Maigret and the Burglar's Wife
- First edition
- Author: Georges Simenon
- Original title: Maigret et la grande perche
- Language: French
- Series: Inspector Jules Maigret
- Genre: Detective fiction
- Publisher: Presses de la Cité
- Publication date: 1951
- Published in English: 1956
- Media type: Print
- Preceded by: Maigret Takes a Room
- Followed by: Maigret, Lognon and the Gangsters

= Maigret and the Burglar's Wife =

1951 novel by Georges Simenon

Maigret and the Burglar's Wife (French: Maigret et la Grande Perche) is a 1951 detective novel by the Belgian writer Georges Simenon featuring his character Jules Maigret. Maigret is spurred into action by a visit from a burglar's wife, former prostitute, whom he had arrested many years before. She informs him that a night previously her husband had been in the act of burgling a house when he discovered a woman’s dead body. Horrified, he had fled the scene, and then left the country - writing to his wife by letter.
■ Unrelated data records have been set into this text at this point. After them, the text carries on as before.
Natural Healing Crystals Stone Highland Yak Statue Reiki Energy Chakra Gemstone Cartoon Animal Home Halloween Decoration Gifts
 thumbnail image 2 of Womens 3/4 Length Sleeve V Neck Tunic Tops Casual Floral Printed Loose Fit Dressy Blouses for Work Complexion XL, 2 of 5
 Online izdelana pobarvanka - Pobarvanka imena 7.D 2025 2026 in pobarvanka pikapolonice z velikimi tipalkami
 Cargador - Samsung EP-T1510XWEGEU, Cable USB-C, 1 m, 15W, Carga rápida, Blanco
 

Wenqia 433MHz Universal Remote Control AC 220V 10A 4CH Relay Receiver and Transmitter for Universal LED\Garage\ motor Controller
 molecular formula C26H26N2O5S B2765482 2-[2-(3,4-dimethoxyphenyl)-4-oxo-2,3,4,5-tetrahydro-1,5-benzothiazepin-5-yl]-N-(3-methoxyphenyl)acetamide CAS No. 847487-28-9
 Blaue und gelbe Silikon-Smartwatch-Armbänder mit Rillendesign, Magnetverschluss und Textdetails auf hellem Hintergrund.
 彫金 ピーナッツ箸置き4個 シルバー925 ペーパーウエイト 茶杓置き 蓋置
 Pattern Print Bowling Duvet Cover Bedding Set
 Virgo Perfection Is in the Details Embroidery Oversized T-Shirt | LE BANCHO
Maigret is inclined to investigate a wealthy dentist, who lives with his domineering mother, and has a Dutch wife who has apparently "gone away to visit her home country” - although Maigret knows he can prove nothing unless he can find the body.

It was translated into English and released in the United Kingdom in 1956.

==Adaptations==
It has been adapted several times for television. In 1992 it was made into an episode of an ITV Maigret series.